TASK TO COMPLETE
Retype every entry precisely and keep each line whole.

=== DATA UNDER STUDY ===

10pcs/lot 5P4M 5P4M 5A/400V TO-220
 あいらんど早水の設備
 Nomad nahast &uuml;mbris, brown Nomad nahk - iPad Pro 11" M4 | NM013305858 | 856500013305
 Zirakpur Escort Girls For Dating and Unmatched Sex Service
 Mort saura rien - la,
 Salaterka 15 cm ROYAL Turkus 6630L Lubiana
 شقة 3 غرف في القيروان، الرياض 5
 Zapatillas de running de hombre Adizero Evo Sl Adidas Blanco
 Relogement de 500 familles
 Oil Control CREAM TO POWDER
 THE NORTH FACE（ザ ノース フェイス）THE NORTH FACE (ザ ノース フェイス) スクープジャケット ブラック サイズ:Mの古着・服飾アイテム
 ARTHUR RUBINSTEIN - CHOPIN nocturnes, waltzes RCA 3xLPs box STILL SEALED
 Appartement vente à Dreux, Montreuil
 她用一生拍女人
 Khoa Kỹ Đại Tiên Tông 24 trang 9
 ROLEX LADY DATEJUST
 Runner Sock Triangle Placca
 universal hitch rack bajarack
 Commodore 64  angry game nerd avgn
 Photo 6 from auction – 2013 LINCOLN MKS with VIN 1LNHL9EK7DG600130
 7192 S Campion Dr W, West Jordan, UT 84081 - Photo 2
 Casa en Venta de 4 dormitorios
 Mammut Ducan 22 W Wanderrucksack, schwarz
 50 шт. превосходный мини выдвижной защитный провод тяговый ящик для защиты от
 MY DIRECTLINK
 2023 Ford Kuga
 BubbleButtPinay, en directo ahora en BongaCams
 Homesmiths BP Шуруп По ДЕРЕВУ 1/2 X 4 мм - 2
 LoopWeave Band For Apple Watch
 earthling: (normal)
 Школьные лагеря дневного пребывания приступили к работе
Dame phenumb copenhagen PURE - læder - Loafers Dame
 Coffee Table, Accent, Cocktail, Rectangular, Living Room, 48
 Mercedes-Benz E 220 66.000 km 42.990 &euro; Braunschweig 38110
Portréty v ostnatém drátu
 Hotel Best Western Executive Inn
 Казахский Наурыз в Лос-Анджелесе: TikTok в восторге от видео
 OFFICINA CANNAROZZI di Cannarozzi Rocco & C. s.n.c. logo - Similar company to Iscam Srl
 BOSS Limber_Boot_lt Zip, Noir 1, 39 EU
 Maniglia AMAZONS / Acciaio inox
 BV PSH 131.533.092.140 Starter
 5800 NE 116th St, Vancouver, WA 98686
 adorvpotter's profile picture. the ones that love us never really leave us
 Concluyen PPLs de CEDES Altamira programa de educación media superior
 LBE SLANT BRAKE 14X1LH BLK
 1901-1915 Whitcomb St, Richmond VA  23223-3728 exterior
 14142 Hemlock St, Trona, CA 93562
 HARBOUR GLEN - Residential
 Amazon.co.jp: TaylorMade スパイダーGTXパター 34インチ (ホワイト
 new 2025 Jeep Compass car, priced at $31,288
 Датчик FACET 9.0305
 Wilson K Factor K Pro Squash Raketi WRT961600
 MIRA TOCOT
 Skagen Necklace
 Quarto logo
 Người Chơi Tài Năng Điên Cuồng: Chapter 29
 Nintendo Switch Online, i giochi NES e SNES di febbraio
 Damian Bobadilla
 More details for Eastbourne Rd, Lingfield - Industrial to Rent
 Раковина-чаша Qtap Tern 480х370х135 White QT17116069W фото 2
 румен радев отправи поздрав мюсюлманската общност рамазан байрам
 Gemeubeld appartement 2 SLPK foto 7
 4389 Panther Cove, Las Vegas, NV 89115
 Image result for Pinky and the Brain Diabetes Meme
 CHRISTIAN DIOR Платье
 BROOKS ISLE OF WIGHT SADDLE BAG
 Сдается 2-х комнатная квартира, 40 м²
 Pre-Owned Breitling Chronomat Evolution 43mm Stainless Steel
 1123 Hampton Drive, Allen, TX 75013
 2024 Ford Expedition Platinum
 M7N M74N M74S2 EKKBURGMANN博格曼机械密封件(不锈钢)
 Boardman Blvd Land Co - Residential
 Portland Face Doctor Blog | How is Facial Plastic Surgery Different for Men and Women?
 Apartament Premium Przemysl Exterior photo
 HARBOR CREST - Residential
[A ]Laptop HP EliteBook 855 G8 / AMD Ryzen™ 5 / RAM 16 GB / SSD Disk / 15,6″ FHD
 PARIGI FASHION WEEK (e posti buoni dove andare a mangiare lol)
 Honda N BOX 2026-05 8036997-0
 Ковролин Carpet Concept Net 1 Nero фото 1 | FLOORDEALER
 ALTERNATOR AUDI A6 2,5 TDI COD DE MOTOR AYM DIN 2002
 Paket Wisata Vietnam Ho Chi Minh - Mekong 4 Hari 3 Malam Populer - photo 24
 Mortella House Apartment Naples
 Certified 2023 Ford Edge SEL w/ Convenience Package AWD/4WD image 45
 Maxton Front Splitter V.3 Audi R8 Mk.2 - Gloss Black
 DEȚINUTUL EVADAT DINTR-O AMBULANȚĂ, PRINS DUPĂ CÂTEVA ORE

===

WRITTEN ANSWER
10pcs/lot 5P4M 5P4M 5A/400V TO-220
 あいらんど早水の設備
 Nomad nahast &uuml;mbris, brown Nomad nahk - iPad Pro 11" M4 | NM013305858 | 856500013305
 Zirakpur Escort Girls For Dating and Unmatched Sex Service
 Mort saura rien - la,
 Salaterka 15 cm ROYAL Turkus 6630L Lubiana
 شقة 3 غرف في القيروان، الرياض 5
 Zapatillas de running de hombre Adizero Evo Sl Adidas Blanco
 Relogement de 500 familles
 Oil Control CREAM TO POWDER
 THE NORTH FACE（ザ ノース フェイス）THE NORTH FACE (ザ ノース フェイス) スクープジャケット ブラック サイズ:Mの古着・服飾アイテム
 ARTHUR RUBINSTEIN - CHOPIN nocturnes, waltzes RCA 3xLPs box STILL SEALED
 Appartement vente à Dreux, Montreuil
 她用一生拍女人
 Khoa Kỹ Đại Tiên Tông 24 trang 9
 ROLEX LADY DATEJUST
 Runner Sock Triangle Placca
 universal hitch rack bajarack
 Commodore 64  angry game nerd avgn
 Photo 6 from auction – 2013 LINCOLN MKS with VIN 1LNHL9EK7DG600130
 7192 S Campion Dr W, West Jordan, UT 84081 - Photo 2
 Casa en Venta de 4 dormitorios
 Mammut Ducan 22 W Wanderrucksack, schwarz
 50 шт. превосходный мини выдвижной защитный провод тяговый ящик для защиты от
 MY DIRECTLINK
 2023 Ford Kuga
 BubbleButtPinay, en directo ahora en BongaCams
 Homesmiths BP Шуруп По ДЕРЕВУ 1/2 X 4 мм - 2
 LoopWeave Band For Apple Watch
 earthling: (normal)
 Школьные лагеря дневного пребывания приступили к работе
Dame phenumb copenhagen PURE - læder - Loafers Dame
 Coffee Table, Accent, Cocktail, Rectangular, Living Room, 48
 Mercedes-Benz E 220 66.000 km 42.990 &euro; Braunschweig 38110
Portréty v ostnatém drátu
 Hotel Best Western Executive Inn
 Казахский Наурыз в Лос-Анджелесе: TikTok в восторге от видео
 OFFICINA CANNAROZZI di Cannarozzi Rocco & C. s.n.c. logo - Similar company to Iscam Srl
 BOSS Limber_Boot_lt Zip, Noir 1, 39 EU
 Maniglia AMAZONS / Acciaio inox
 BV PSH 131.533.092.140 Starter
 5800 NE 116th St, Vancouver, WA 98686
 adorvpotter's profile picture. the ones that love us never really leave us
 Concluyen PPLs de CEDES Altamira programa de educación media superior
 LBE SLANT BRAKE 14X1LH BLK
 1901-1915 Whitcomb St, Richmond VA  23223-3728 exterior
 14142 Hemlock St, Trona, CA 93562
 HARBOUR GLEN - Residential
 Amazon.co.jp: TaylorMade スパイダーGTXパター 34インチ (ホワイト
 new 2025 Jeep Compass car, priced at $31,288
 Датчик FACET 9.0305
 Wilson K Factor K Pro Squash Raketi WRT961600
 MIRA TOCOT
 Skagen Necklace
 Quarto logo
 Người Chơi Tài Năng Điên Cuồng: Chapter 29
 Nintendo Switch Online, i giochi NES e SNES di febbraio
 Damian Bobadilla
 More details for Eastbourne Rd, Lingfield - Industrial to Rent
 Раковина-чаша Qtap Tern 480х370х135 White QT17116069W фото 2
 румен радев отправи поздрав мюсюлманската общност рамазан байрам
 Gemeubeld appartement 2 SLPK foto 7
 4389 Panther Cove, Las Vegas, NV 89115
 Image result for Pinky and the Brain Diabetes Meme
 CHRISTIAN DIOR Платье
 BROOKS ISLE OF WIGHT SADDLE BAG
 Сдается 2-х комнатная квартира, 40 м²
 Pre-Owned Breitling Chronomat Evolution 43mm Stainless Steel
 1123 Hampton Drive, Allen, TX 75013
 2024 Ford Expedition Platinum
 M7N M74N M74S2 EKKBURGMANN博格曼机械密封件(不锈钢)
 Boardman Blvd Land Co - Residential
 Portland Face Doctor Blog | How is Facial Plastic Surgery Different for Men and Women?
 Apartament Premium Przemysl Exterior photo
 HARBOR CREST - Residential
[A ]Laptop HP EliteBook 855 G8 / AMD Ryzen™ 5 / RAM 16 GB / SSD Disk / 15,6″ FHD
 PARIGI FASHION WEEK (e posti buoni dove andare a mangiare lol)
 Honda N BOX 2026-05 8036997-0
 Ковролин Carpet Concept Net 1 Nero фото 1 | FLOORDEALER
 ALTERNATOR AUDI A6 2,5 TDI COD DE MOTOR AYM DIN 2002
 Paket Wisata Vietnam Ho Chi Minh - Mekong 4 Hari 3 Malam Populer - photo 24
 Mortella House Apartment Naples
 Certified 2023 Ford Edge SEL w/ Convenience Package AWD/4WD image 45
 Maxton Front Splitter V.3 Audi R8 Mk.2 - Gloss Black
 DEȚINUTUL EVADAT DINTR-O AMBULANȚĂ, PRINS DUPĂ CÂTEVA ORE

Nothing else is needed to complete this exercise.